Bristol Palin and Campaign Narratives

The Orange Overlord1 has a couple of things to say about the Sarah and Bristol Palin kerfuffle.

Vincent Rossmeier of Salon: Do you think Barack Obama responded correctly to Sarah Palin’s daughter’s pregnancy?

Yeah, of course. It’s not his job to be digging into that. If the Republicans are going to be all high and mighty about people digging into the lives of candidates’ families, all I can do is laugh, given the treatment that Michelle Obama has been given by Republicans — maybe not John McCain proper, but every surrogate beneath him.

Ultimately, when it comes to Bristol Palin, the issue isn’t, oh well, she’s a bad girl. We’re progressives; we don’t care if she got pregnant. That’s between her and her family and she’s got to deal with it; and in fact, progressives believe in having the services available to make her life better and to help her in what’s going to be a very, very difficult journey ahead.

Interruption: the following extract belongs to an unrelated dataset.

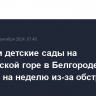 Школы и детские сады на Харьковской горе в Белгороде закрыли на неделю из-за обстрелов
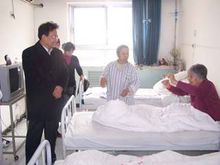 朝陽區衛生局領導參觀指導北京恆安中醫院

The issue is, of course, that Sarah Palin is a strong supporter of abstinence-only education. Here we have a situation where they claim that abstinence-only will prevent teen pregnancy when her own daughter has gotten pregnant. There are legitimate policy questions that go beyond the fact of Bristol Palin to the kind of governor [Sarah Palin] would be, the way she would help govern this country were she the vice president. And I think that is obviously, legitimately fair game.

Salon: Do you think the Palin pick was a game changer, whether good or bad, and how do you think this will affect the election long-term?

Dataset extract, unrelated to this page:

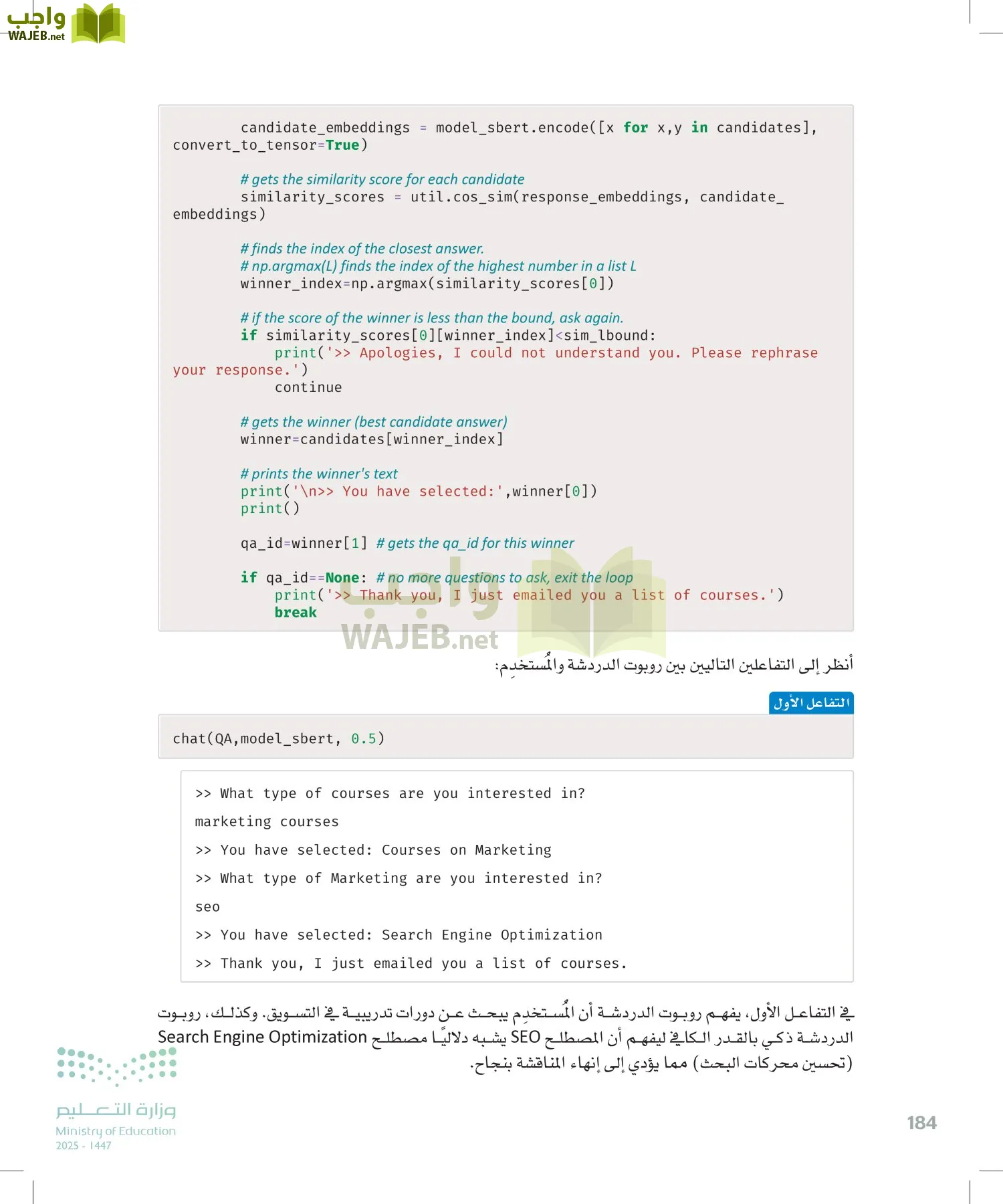 الذكاء الاصطناعي page-183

There’s no doubt that it was a game changer. All you have to do is go to Daily Kos and see that we haven’t written about McCain in a week now, right? It’s a singular obsession with Palin. She’s the gift that keeps on giving. To me, it seems pretty obvious that McCain wanted [Tom] Ridge or [Joe] Lieberman but he’s too weak within his own party to get the candidate he wanted, so he had to go with someone to appease the right wing.

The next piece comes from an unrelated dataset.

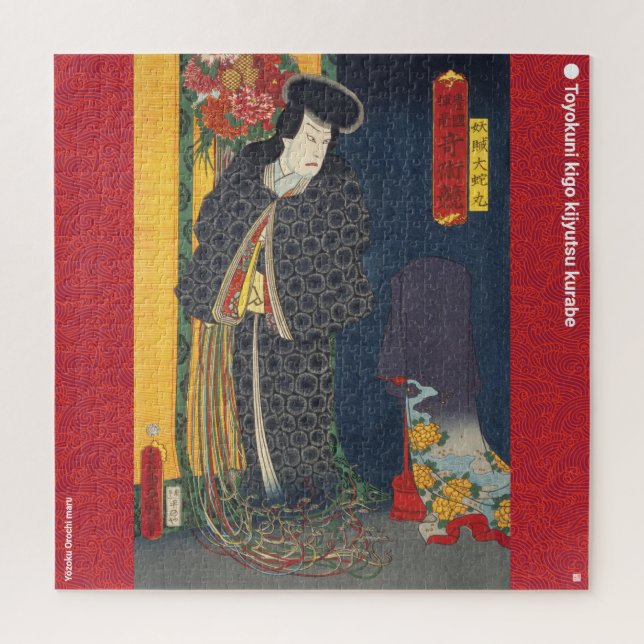 ukiyoe - Yōzoku Orochi maru - japanischer Zauberer Puzzle (Vertikal)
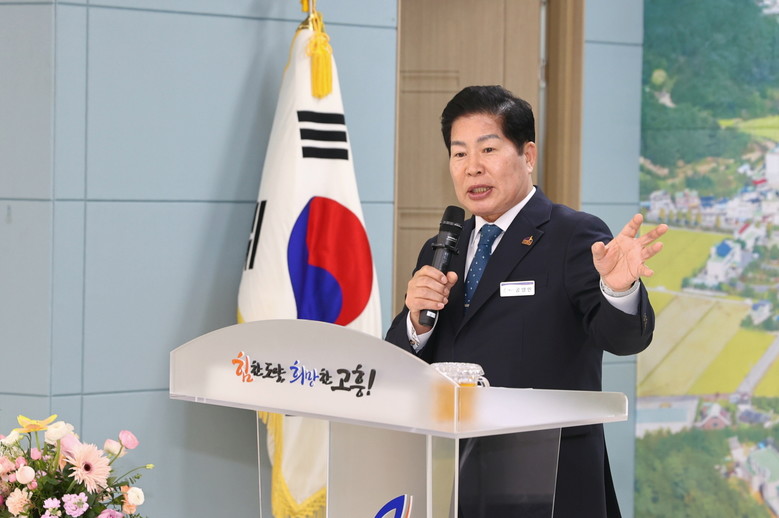 고흥군, 민선 8기 3년 6개월의 여...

They saw that Obama was going to be able to rally the Clinton supporters with Hillary Clinton’s help. They probably saw Obama’s speech and saw how incredible and dynamic and how powerful it was and realized that a safe pick wasn’t going to give them any hope of victory in November so they had to shake things up. They threw a Hail Mary with Sarah Palin, they didn’t vet her, so they had no clue who she was. They saw that she was attractive and very popular in Alaska — remember, Alaska is actually a swing state. It was in play; Obama was competitive in the polls. So they locked down Alaska. And she’s clearly popular with the right and they’ve embraced her because of her radical right-wing views on the role of religion in government, and it completely, utterly, on that Friday, took Obama off the airwaves.

[Click to read more of How to build a vast left-wing conspiracy | Salon Books]

I never did pick up a copy of Crashing the Gate; maybe by 2012, I’ll be caught up enough on my reading.

The Orange Overlord continues:

Salon: The Palin nomination directed everyone’s attention away from Obama. So in that, at least, the selection was effective.

But it’s mind-boggling to me. In the middle of Labor Day weekend, I had the highest traffic day of my existence. This is higher traffic than the 2004 federal election. Higher traffic than the 2006 general election. Usually on long weekends, people disappear. They hang out with family and friends. No one wanted to do anything but [talk about] Sarah Palin.

Now, I don’t think she’s turning out the way they expected it; they expected people to be excited that there was a woman on a ticket and all that. Now people are thinking this was a gimmick and instead of putting country first, he went for someone who would actually knock Obama off the news cycle. So she was a news cycle pick. It bought them a day or two. But now that people are really starting to look into who she is, there are a lot of unpalatable things about her and her record, and I think it’s turning into a nightmare pick for them. Will she stay on the ticket? The Christian right loves her. They’ve decided she is practically the second coming.

Salon: Isn’t that a good thing for McCain?

It is a good thing for McCain, but it means they’ve completely abandoned the center and they’re not going to get any Hillary supporters out of it. We’re in an election where the number of Republicans is shrinking, the number of Democrats is growing and they cannot win on the base strategy alone. We can. For the first time, we can win on the base strategy. We’re not running that, but we could. They’re running a base strategy when Republicans are becoming an extinct species.

And you can’t get rid of her. To take somebody who’s been so warmly embraced by the Christian right and then to dump her for somebody who’s more palatable to the center? Talk about open warfare. It would be worse than having picked Lieberman from the start. To me, it’s fantastic, right? He’s boxed himself in, he can’t get out. So they’re left having to defend somebody. And let’s not forget another important point that I almost forgot because it’s so obvious, is that they’ve completely negated the experience argument. That was probably the only argument against Obama that had any salience.